TASK REQUIREMENTS.
Repeat only the lines between the one with "Shop Sigerson Morrison" and the end of the material below, both ends included. Omit any picture.

DATA SHOWN.

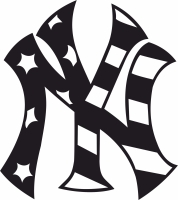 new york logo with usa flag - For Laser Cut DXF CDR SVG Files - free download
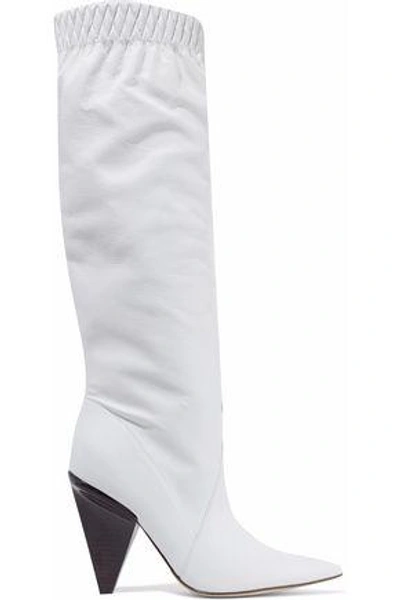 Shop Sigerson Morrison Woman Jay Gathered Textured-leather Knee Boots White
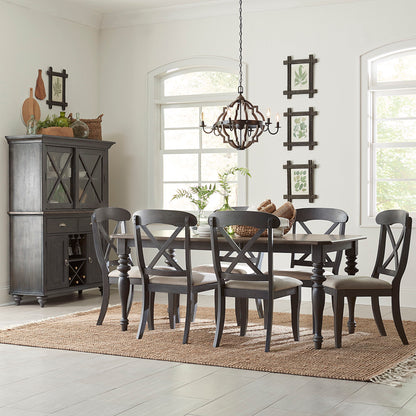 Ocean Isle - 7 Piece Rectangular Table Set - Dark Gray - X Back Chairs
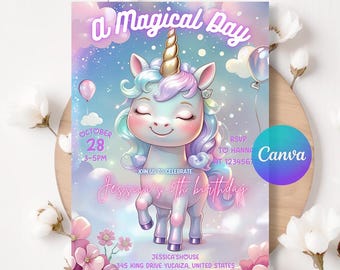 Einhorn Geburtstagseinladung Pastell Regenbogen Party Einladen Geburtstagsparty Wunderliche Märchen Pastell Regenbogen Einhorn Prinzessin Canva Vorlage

REPLY.
 Shop Sigerson Morrison Woman Jay Gathered Textured-leather Knee Boots White
 Ocean Isle - 7 Piece Rectangular Table Set - Dark Gray - X Back Chairs
 Einhorn Geburtstagseinladung Pastell Regenbogen Party Einladen Geburtstagsparty Wunderliche Märchen Pastell Regenbogen Einhorn Prinzessin Canva Vorlage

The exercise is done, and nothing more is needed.